◆ Source material ◆
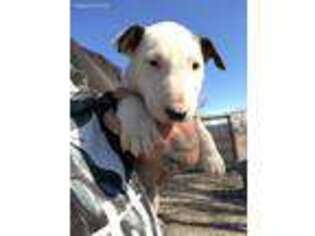 Bull Terrier Puppy for sale in Albuquerque, NM, USA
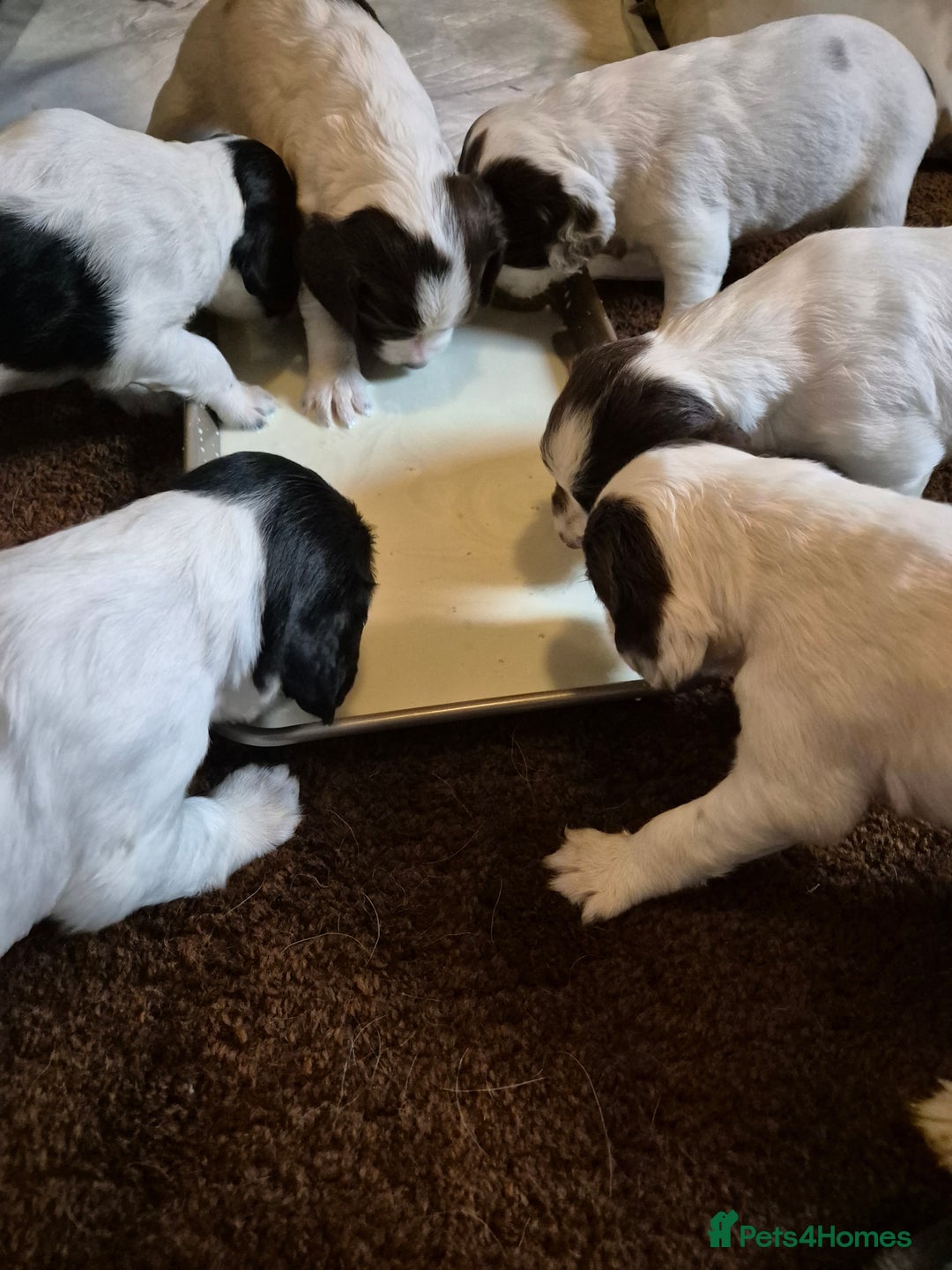 English Springer Spaniel dogs for sale: English springer spaniel puppies - Image 4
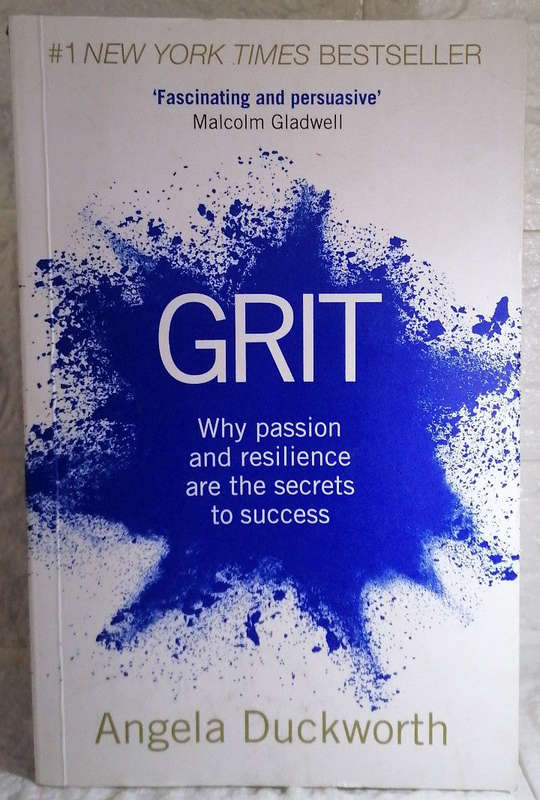 Grit: Why passion and resilience are the secrets to success (Angela Duckworth)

◆ Instructions for the task ◆
Print only the lines from the line that contains "English Springer Spaniel dogs" to the final line of the data, inclusive. Pictures stay out.

◆ Result for this exercise ◆
 English Springer Spaniel dogs for sale: English springer spaniel puppies - Image 4
 Grit: Why passion and resilience are the secrets to success (Angela Duckworth)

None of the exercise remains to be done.